When does an Artist stop being?

By Claire Hogenkamp - October 13, 2009

When an artist stops exhibiting, is she no longer an artist? If nobody is looking does art cease to exist? That is like the Zen question “if a tree falls in the woods and nobody is there, does it make a noise?"

My immediate response is what does it matter? In the case of the artist I might add who cares? Such is the state of Art in Canada that most artists go unrecognized and unnoticed. They just keep on working but don’t give up their day jobs.
The Art elites keep discovering new trends and making new declarations about the status of Art calculated to be radical, outrageous and “new”. Hence members of the public who are interested, are constantly rendered old fashioned and out of step. The public is generally excluded and if art becomes popular it is suspect. I believe this is a defense mechanism that has become a reflex against years of state and popular neglect of the Arts. It’s like saying “they’ll hate me anyway so I’ll show them I can really be hateful”.

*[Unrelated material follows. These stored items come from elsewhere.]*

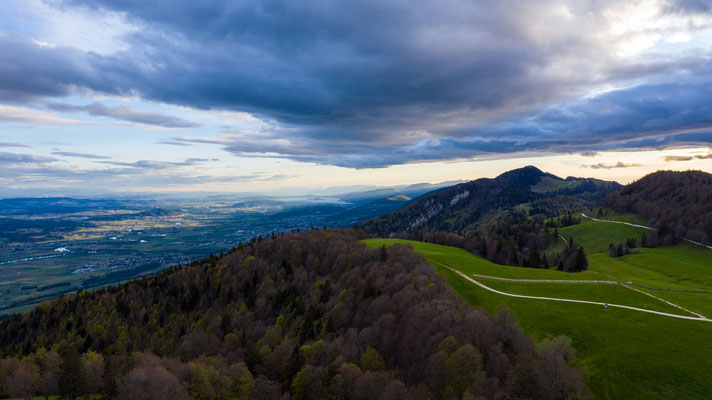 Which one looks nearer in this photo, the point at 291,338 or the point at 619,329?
the point at 619,329

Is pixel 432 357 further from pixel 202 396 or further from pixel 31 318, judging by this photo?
pixel 31 318

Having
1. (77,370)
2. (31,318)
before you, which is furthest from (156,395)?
(31,318)

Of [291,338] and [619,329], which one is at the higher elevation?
[619,329]

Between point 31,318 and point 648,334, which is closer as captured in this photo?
point 648,334

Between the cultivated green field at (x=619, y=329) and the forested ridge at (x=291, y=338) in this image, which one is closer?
the cultivated green field at (x=619, y=329) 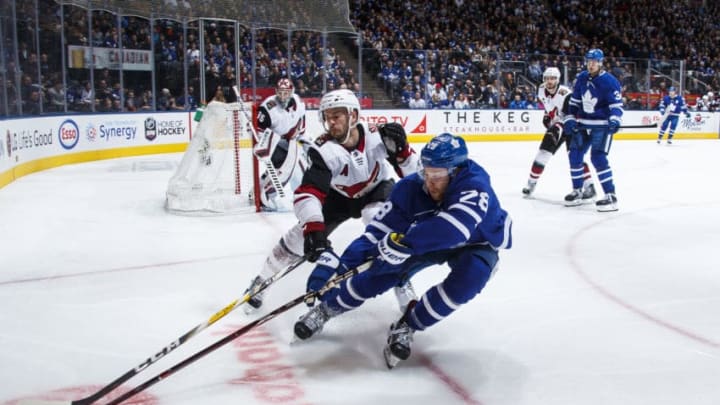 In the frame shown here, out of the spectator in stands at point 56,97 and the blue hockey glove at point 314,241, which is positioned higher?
the spectator in stands at point 56,97

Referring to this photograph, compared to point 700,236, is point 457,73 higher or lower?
higher

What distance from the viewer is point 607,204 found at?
19.0 ft

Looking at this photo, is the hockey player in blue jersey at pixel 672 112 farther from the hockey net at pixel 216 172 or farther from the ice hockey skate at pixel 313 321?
the ice hockey skate at pixel 313 321

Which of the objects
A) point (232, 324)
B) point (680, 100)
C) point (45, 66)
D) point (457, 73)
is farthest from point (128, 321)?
point (680, 100)

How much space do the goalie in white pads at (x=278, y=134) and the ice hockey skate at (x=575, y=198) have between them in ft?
7.91

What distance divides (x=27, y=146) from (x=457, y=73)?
29.1 feet

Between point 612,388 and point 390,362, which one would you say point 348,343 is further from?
point 612,388

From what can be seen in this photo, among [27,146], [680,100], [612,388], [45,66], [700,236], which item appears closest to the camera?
[612,388]

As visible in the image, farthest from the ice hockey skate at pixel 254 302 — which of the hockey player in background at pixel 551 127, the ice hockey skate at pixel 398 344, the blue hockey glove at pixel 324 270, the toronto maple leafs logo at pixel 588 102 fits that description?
the hockey player in background at pixel 551 127

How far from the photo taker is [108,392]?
2.07 metres

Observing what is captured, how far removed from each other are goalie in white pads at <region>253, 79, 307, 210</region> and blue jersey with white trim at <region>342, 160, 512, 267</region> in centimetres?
319

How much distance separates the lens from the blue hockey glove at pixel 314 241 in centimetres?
264

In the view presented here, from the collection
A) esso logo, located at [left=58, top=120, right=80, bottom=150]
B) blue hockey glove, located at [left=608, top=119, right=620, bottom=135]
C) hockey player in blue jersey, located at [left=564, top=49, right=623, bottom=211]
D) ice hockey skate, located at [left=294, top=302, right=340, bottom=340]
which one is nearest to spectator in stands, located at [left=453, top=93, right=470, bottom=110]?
esso logo, located at [left=58, top=120, right=80, bottom=150]

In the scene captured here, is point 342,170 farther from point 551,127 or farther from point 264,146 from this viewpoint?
point 551,127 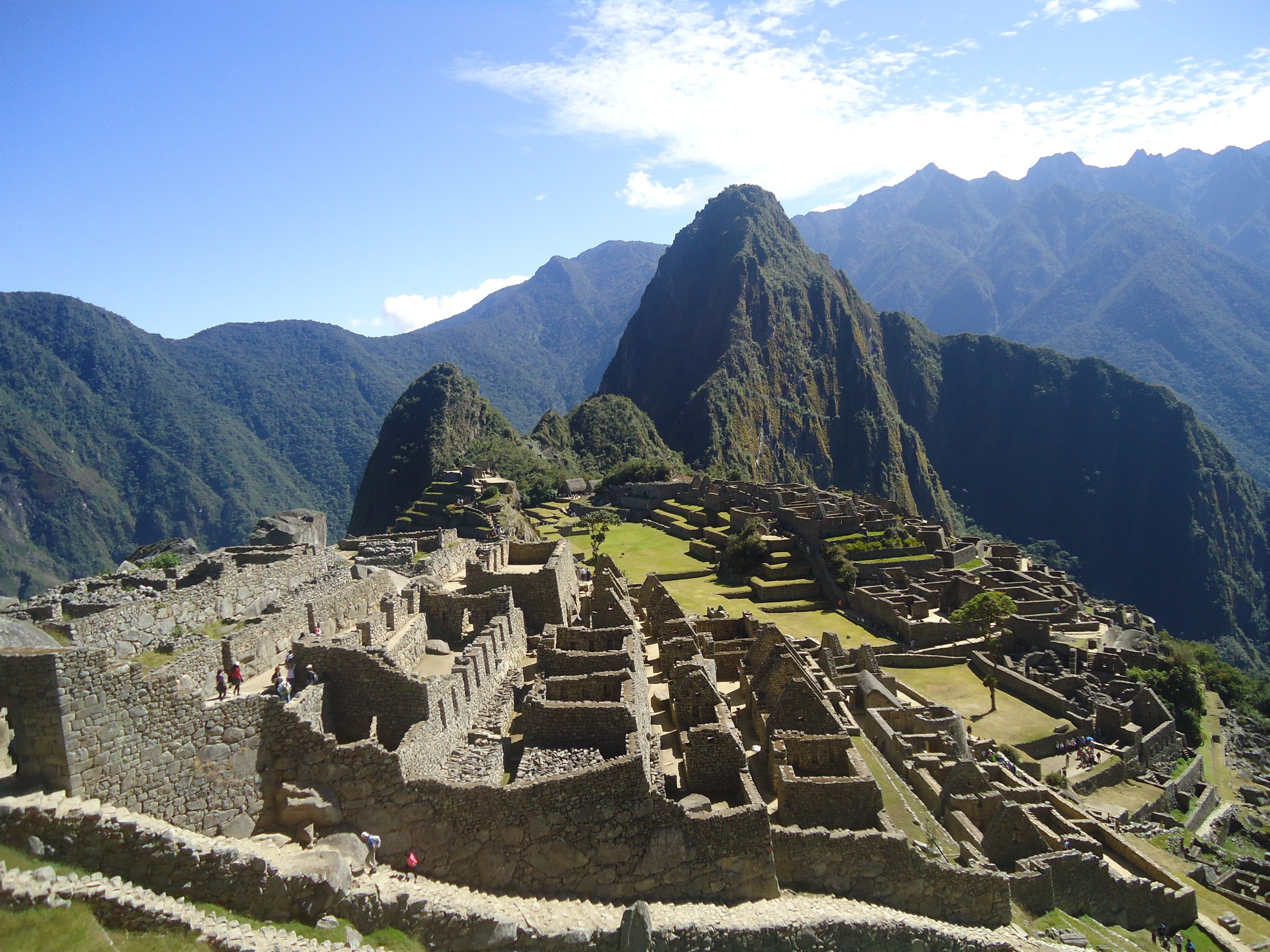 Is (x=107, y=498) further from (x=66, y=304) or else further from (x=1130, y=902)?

This leaves the way clear for the cognoscenti (academics and critics) to toss out declarations like all painting is dead, the landscape is irrelevant, the Group of Seven is passé and thus turn away from Canadian greats like the late Goodridge Roberts (painter); Anne Kahane (sculptor); the late Robert Langstadt (printmaker) and they are not even included in the lexicon of Canadian Art anymore. Their work exists and is important, but if exhibited at all, critics don’t even bother to look at it.

If the art has been created on paper, board or canvass, with paint or pastels, carved or cast in traditional materials it’s not important enough for serious consideration. But if the art is created with meat, by feet, with hurled spit, or exploded shit, it is “compelling, edgy” and very “now”. I don’t object to Art being edgy or now providing we remember who we are and where we come from. We have a tradition in Canada and we neglect it at our peril. Students should know the Group of Seven opened our eyes to our own landscape; Emily Carr is our spiritual art mother; Goodridge Roberts painted with uncompromising honesty, Anne Kahane brings humanism to wood and aluminum with exquisite finesse and Robert Langstadt brought Expressionism to Canadian printmaking. They are important benchmarks for their métiers, and every art student can become better from seeing them.

As for the opening questions, I can say that I have been working away quietly these past forty some years creating landscapes, taking photographs, and recently returning to sculpture, without exhibiting and acknowledged only by close friends and family. Have I ceased being an artist? Possibly, but I continue to make art. It’s not the title that’s important, it’s the process.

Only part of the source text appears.